Como las grandes mayorías no tienen cultura política, votan con la emoción y no con la razón y son fácilmente impresionables por la demagogia, el discurso florido, las caras bonitas, las corazonadas, todas cualidades muy buenas para el amor, pero malas para el país. Esta ausencia de análisis permite la manipulación y el engaño. También el ecuatoriano común tiene miedo, un terrible miedo al cambio. Queremos cambios sin cambiar, por obra y gracia del Espíritu Santo y todo esto sin comprometernos como ciudadanos.

Como tenemos terror al cambio se mata al huevo antes que nazca el pollito, se destruye la semilla antes que eche raíces y entonces cualquier nueva idea la analizamos tanto, le vemos tantos peros que aborta sin haber tenido la oportunidad de nacer. Queremos resultados, milagros, cosas nuevas, repitiendo siempre las mismas fórmulas… que no han funcionado.

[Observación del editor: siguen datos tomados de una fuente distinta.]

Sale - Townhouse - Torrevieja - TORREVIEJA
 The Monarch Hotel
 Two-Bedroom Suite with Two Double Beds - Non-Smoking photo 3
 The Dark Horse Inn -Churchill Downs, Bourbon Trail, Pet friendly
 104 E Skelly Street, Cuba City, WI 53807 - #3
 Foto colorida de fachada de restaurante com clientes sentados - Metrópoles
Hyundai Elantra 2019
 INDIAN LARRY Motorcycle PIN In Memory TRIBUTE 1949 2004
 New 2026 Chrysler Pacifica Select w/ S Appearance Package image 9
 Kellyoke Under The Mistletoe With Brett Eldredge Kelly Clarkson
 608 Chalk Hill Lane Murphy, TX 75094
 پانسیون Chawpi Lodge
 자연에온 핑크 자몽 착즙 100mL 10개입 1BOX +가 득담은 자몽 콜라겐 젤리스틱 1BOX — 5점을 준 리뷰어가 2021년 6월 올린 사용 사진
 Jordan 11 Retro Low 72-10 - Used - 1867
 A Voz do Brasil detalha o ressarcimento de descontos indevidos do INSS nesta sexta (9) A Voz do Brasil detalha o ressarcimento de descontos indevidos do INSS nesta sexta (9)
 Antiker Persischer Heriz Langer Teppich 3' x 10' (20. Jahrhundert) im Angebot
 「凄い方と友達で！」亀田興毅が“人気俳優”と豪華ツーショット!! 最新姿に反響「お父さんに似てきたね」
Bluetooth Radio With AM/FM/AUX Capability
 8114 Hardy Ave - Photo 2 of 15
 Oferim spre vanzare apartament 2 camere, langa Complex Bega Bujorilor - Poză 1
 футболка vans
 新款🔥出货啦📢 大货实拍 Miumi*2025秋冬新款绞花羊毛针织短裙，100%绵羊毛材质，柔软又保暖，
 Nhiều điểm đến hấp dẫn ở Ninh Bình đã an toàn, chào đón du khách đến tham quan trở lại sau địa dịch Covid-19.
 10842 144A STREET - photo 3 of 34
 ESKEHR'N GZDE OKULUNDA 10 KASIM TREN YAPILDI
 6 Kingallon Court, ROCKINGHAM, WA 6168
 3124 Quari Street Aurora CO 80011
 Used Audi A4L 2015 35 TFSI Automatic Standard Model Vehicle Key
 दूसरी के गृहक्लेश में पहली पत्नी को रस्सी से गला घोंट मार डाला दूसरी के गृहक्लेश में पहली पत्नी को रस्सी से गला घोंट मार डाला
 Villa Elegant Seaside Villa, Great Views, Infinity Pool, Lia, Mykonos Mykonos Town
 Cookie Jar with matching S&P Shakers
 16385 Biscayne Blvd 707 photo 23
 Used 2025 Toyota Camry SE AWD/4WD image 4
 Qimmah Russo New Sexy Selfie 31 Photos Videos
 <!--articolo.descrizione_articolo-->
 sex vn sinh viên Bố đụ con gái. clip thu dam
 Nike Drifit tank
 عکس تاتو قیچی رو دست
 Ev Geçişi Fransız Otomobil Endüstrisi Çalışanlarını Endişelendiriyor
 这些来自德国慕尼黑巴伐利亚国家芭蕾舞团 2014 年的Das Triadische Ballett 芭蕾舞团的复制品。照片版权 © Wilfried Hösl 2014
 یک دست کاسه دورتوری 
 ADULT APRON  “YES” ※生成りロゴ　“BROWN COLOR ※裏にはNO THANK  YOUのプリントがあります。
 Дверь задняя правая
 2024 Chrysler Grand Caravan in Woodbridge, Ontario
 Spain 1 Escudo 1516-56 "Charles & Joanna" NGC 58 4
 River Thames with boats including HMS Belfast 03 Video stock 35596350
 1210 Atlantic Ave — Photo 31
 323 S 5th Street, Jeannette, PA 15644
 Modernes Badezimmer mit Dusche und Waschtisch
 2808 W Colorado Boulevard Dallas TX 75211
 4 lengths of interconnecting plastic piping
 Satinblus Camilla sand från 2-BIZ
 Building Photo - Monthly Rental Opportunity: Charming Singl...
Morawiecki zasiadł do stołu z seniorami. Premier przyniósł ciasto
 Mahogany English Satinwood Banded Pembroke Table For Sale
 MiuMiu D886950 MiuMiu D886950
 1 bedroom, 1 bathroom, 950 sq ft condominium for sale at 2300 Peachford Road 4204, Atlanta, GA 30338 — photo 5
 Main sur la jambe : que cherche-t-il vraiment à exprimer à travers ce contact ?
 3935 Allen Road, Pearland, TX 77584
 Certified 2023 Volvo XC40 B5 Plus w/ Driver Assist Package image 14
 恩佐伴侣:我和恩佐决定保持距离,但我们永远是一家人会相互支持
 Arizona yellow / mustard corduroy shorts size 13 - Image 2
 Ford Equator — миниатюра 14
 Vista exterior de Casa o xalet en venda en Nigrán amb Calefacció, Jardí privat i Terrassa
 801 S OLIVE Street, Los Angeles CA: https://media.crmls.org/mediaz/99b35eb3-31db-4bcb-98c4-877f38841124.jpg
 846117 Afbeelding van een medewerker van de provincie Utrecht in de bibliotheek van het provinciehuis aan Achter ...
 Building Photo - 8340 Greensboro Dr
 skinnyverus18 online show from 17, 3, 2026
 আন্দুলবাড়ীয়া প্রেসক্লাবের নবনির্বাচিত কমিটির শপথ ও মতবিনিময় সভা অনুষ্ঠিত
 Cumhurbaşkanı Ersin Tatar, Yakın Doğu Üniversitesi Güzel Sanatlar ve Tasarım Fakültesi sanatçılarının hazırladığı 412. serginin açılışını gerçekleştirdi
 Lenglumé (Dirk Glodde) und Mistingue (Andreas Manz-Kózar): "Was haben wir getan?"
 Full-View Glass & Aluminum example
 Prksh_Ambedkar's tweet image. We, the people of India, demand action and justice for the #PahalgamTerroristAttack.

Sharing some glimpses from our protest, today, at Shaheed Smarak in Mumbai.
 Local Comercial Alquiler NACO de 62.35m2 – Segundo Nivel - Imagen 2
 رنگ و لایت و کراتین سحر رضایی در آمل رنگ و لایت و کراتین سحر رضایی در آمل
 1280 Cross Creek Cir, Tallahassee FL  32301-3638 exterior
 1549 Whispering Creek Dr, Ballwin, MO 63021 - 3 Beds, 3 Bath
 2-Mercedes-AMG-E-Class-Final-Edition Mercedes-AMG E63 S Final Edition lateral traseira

Cada partido o grupo político, una vez elegido, lleva agua para su molino.

Los diputados están convencidos que se deben más a su partido o a su líder que a los intereses del pueblo. Este, una vez que los eligió, los olvida porque los desprecia, en lugar de seguir sus pasos, vigilarlos, exigir transparencia, para que sientan el control de sus electores. Los ciudadanos debemos construir buena política no solo con los políticos, sino a pesar de ellos.

Es importante cambiar nuestra mentalidad mendicante, por una actuante, involucrarnos en procesos de crecimiento y maduración social, comprometernos con el país. Comprender que la solución a la crisis de gobernabilidad es todo un proceso que puede durar muchos años pero que es posible si nos comprometemos a trabajar en una agenda común y dejamos de quejarnos.